[Dataset items]
━━━
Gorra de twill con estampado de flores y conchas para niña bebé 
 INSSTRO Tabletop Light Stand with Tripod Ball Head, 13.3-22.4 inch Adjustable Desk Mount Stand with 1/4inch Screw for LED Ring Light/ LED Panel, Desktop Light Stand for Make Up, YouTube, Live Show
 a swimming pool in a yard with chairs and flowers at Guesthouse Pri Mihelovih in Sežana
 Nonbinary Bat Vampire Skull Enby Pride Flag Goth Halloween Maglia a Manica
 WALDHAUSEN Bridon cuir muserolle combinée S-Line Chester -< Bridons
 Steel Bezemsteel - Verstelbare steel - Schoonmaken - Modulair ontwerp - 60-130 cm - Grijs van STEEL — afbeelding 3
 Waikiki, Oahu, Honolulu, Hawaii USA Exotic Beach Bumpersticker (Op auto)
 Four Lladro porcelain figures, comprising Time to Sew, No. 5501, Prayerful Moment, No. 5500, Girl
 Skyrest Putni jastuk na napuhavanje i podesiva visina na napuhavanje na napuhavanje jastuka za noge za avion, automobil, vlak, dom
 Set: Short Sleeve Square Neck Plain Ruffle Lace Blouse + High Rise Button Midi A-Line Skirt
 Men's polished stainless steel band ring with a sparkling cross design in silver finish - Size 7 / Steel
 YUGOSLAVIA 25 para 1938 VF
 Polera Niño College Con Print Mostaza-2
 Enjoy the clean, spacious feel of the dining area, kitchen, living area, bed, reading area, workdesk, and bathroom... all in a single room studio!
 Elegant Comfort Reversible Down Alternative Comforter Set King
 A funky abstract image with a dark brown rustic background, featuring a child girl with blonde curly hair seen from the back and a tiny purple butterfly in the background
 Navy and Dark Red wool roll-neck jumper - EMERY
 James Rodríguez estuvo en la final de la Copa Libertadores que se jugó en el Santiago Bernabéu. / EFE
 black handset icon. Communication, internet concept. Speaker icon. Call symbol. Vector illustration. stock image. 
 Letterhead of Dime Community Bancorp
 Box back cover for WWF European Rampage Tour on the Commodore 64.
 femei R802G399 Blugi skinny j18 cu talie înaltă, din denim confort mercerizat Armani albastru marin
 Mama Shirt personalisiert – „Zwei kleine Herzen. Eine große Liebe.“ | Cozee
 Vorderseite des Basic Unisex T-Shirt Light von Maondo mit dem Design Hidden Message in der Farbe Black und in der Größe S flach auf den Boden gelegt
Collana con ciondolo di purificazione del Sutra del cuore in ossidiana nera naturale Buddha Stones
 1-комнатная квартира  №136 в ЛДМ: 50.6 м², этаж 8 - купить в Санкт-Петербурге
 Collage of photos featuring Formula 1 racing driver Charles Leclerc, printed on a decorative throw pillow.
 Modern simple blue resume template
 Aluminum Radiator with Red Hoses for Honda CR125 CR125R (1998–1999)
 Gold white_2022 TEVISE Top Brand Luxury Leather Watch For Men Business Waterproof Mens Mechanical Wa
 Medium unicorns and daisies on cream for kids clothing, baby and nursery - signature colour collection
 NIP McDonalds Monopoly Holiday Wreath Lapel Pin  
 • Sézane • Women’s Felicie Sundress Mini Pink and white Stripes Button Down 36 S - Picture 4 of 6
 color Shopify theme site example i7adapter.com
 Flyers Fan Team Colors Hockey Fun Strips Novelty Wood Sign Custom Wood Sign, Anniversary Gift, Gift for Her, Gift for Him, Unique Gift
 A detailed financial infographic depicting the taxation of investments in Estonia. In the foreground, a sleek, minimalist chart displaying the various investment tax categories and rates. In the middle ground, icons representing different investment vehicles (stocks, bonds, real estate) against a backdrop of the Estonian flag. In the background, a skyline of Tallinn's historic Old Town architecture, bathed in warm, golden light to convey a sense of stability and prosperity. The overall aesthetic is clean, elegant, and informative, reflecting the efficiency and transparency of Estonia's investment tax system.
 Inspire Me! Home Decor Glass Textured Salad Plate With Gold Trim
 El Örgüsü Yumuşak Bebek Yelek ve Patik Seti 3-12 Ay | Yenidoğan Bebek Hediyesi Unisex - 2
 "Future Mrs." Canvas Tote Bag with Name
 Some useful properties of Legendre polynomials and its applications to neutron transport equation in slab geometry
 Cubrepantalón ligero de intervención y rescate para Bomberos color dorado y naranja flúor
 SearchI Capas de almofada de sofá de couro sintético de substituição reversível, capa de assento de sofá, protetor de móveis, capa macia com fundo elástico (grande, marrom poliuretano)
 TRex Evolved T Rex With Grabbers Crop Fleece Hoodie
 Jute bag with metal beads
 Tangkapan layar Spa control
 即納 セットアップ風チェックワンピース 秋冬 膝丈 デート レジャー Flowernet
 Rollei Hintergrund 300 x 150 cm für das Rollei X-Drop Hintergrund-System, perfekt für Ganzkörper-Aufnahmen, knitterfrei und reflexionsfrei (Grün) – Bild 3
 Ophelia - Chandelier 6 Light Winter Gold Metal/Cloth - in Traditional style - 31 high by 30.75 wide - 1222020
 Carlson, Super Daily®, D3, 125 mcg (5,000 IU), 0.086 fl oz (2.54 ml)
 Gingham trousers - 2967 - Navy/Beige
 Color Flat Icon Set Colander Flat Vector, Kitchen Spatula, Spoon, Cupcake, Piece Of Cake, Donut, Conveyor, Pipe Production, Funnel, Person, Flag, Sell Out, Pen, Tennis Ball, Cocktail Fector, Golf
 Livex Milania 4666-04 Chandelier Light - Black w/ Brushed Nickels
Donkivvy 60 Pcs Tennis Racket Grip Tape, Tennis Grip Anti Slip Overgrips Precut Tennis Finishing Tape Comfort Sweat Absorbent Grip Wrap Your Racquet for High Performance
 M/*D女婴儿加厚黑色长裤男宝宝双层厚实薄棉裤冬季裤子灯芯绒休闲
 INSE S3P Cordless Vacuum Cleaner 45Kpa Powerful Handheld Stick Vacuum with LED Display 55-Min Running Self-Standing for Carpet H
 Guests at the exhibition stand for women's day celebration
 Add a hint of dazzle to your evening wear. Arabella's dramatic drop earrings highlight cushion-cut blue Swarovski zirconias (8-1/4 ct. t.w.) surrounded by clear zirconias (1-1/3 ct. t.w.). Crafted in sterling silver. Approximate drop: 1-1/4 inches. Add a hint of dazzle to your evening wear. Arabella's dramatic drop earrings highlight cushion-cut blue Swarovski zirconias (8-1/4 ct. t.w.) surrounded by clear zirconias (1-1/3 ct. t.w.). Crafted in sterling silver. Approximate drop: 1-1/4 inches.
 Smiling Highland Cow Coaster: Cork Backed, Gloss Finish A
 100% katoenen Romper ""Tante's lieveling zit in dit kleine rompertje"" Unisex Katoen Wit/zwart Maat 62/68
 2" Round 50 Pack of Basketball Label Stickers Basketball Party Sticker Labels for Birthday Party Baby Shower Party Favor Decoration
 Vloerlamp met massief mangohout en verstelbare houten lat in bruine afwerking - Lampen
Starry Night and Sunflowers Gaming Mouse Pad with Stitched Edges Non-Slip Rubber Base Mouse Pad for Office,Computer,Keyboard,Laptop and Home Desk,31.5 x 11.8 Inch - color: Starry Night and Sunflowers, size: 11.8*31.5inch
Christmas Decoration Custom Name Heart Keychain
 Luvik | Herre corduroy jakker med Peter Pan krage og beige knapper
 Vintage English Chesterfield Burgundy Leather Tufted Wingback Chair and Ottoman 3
━━━
*Task goal*: The answer must consist of every line in the records above that contains the word "steel".

*Answer space*:
 Steel Bezemsteel - Verstelbare steel - Schoonmaken - Modulair ontwerp - 60-130 cm - Grijs van STEEL — afbeelding 3
 Men's polished stainless steel band ring with a sparkling cross design in silver finish - Size 7 / Steel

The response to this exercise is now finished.